## [To do]
Please keep to the lines below from the one with "Silver Streak Stealth" through the one with "The Madonna And", and restate them word for word, ends included.

## [Extracted records]
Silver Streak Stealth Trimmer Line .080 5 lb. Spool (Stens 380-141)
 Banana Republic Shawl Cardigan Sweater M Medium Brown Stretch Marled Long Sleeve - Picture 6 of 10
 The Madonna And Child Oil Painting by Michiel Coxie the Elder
--
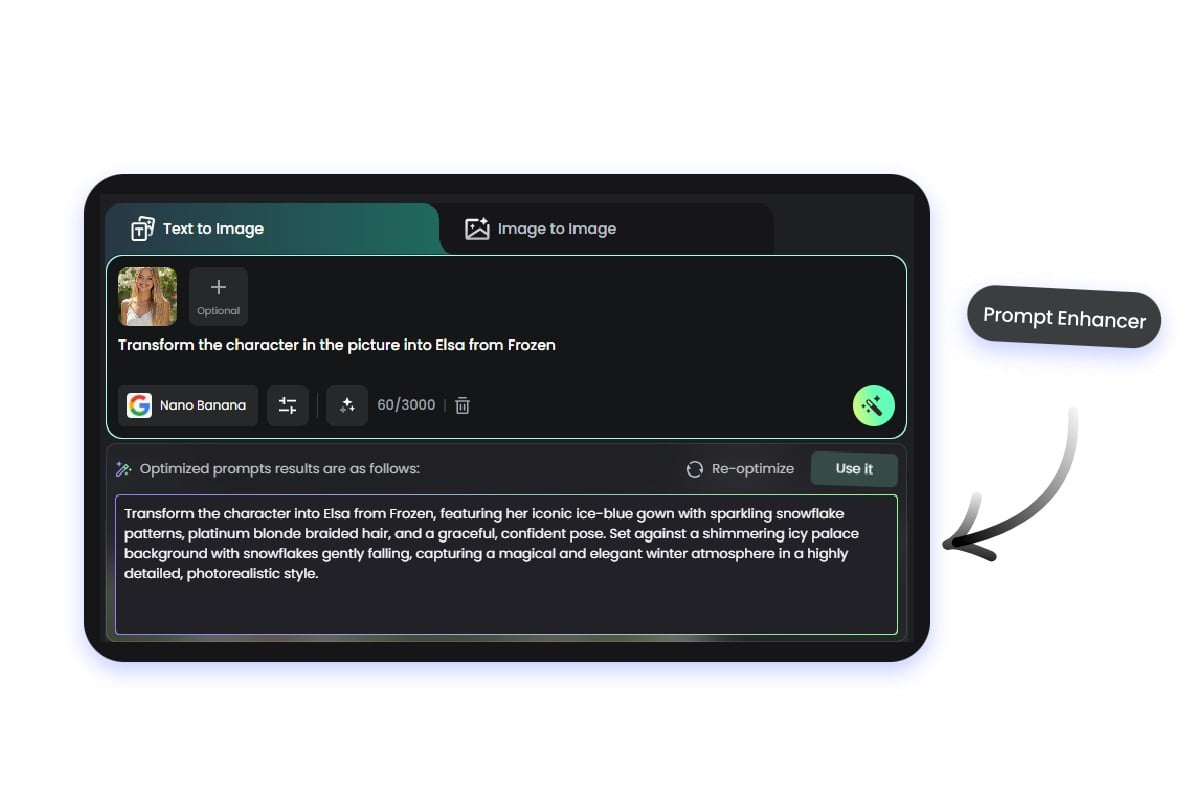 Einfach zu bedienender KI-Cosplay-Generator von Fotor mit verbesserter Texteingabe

## [Solution for this exercise]
Silver Streak Stealth Trimmer Line .080 5 lb. Spool (Stens 380-141)
 Banana Republic Shawl Cardigan Sweater M Medium Brown Stretch Marled Long Sleeve - Picture 6 of 10
 The Madonna And Child Oil Painting by Michiel Coxie the Elder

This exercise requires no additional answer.